Luxy stifled another sob. "Oh, Benji, I can't stand this. I'll be waiting at the gates," she said, breaking out of his hold.
Benji now stood alone, the breeze ruffling his hair. Slowly, he made his way over to his mother's grave, willing with his entire soul not to burst out. He could only shake his head, tears welling in the creases of his eyes as he thought, "Mom, I love you why did you have to go this is so unfair!"
He closed his eyes and dropped his head, opening them only to find that he was staring at his father's grave.
A surge of infuriation surged through Benji and his mind flashed with a brilliant hellfire red. He straightened and his grip on the cane became tighter.
"Look, you old fucker, look," he gritted. "I have your stupid fucking cane, not you. You weren't buried with it, you old bastard. Your death brought a lot of good things.I don't have to start work at the factory yet. I hope that you are in hell right now and will rot there for all eternity. Fuck you for making my life and Ma's life hell."
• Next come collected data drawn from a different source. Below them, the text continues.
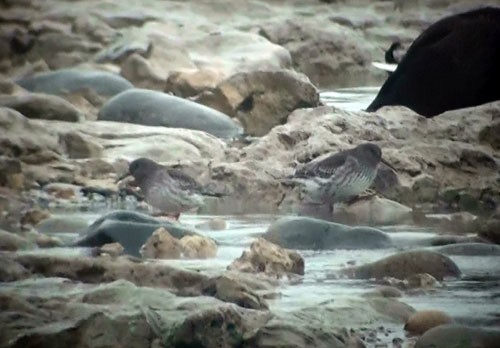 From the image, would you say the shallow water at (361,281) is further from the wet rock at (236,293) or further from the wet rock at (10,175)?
the wet rock at (10,175)

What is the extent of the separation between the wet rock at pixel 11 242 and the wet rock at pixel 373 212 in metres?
2.03

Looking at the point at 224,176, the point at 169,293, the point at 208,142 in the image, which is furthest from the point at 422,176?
the point at 169,293

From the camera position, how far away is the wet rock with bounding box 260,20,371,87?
1742 cm

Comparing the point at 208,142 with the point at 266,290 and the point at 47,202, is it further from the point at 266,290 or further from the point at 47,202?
the point at 266,290

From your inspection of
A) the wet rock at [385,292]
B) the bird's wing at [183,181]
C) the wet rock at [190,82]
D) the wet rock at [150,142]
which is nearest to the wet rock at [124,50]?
the wet rock at [190,82]

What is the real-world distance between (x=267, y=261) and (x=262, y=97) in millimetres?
5789

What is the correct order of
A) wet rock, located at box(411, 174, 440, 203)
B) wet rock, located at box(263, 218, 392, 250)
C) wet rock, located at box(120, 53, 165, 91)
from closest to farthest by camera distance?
wet rock, located at box(263, 218, 392, 250) → wet rock, located at box(411, 174, 440, 203) → wet rock, located at box(120, 53, 165, 91)

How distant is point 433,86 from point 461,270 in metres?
5.55

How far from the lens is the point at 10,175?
871 cm

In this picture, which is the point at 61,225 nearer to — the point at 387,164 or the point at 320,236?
the point at 320,236

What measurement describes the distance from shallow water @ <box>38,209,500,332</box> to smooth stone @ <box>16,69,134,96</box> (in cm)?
505

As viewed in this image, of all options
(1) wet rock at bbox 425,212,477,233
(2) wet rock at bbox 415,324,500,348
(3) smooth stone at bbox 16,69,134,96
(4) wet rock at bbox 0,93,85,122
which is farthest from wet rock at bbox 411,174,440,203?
(3) smooth stone at bbox 16,69,134,96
He spat on his father's grave and then turned, shoulders back and gripping the cane so tightly now that his palm had become red, to join Luxy at the gates.
A lyric from Shooter popped into my head just now: "Life's a bitch and then you die." Hell, that sums up my story.
CHAPTER SIX
The nights when her husband had been out at some miscellaneous pub, Nora Conlon had sat on her son's bed with him. Benji would be snuggled against her soft, frumpy body, his eyes peacefully closed, sleep ready to conquer the last shard of energy in his soul for the night. Yet, before he finally drifted into slumber, Nora would open The Bible to where they had left off from the previous, erratic night ago and read him a few verses.
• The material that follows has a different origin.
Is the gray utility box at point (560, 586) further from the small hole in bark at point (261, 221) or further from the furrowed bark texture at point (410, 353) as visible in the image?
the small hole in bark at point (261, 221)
A particular story from The Book now blazed painfully in Benji's mind as his eyes followed a crack snaking the dark gray sidewalk.
The story about Jesus and the Last Supper. The last meal that He had had the day before He was to be crucified.
It was so damn funny how his life paralleled Jesus Christ's right now that he burst into a snort, rupturing the silence of the cool spring night.
Benji was going to die tomorrow. Correction, he was sentence to die tomorrow. Things had been all dandy and innocent in his life up until now. How one day could fuck up your entire life was beyond him. For him, that day was today: April 2nd, the day of his thirteenth birthday, the last day of his childhood.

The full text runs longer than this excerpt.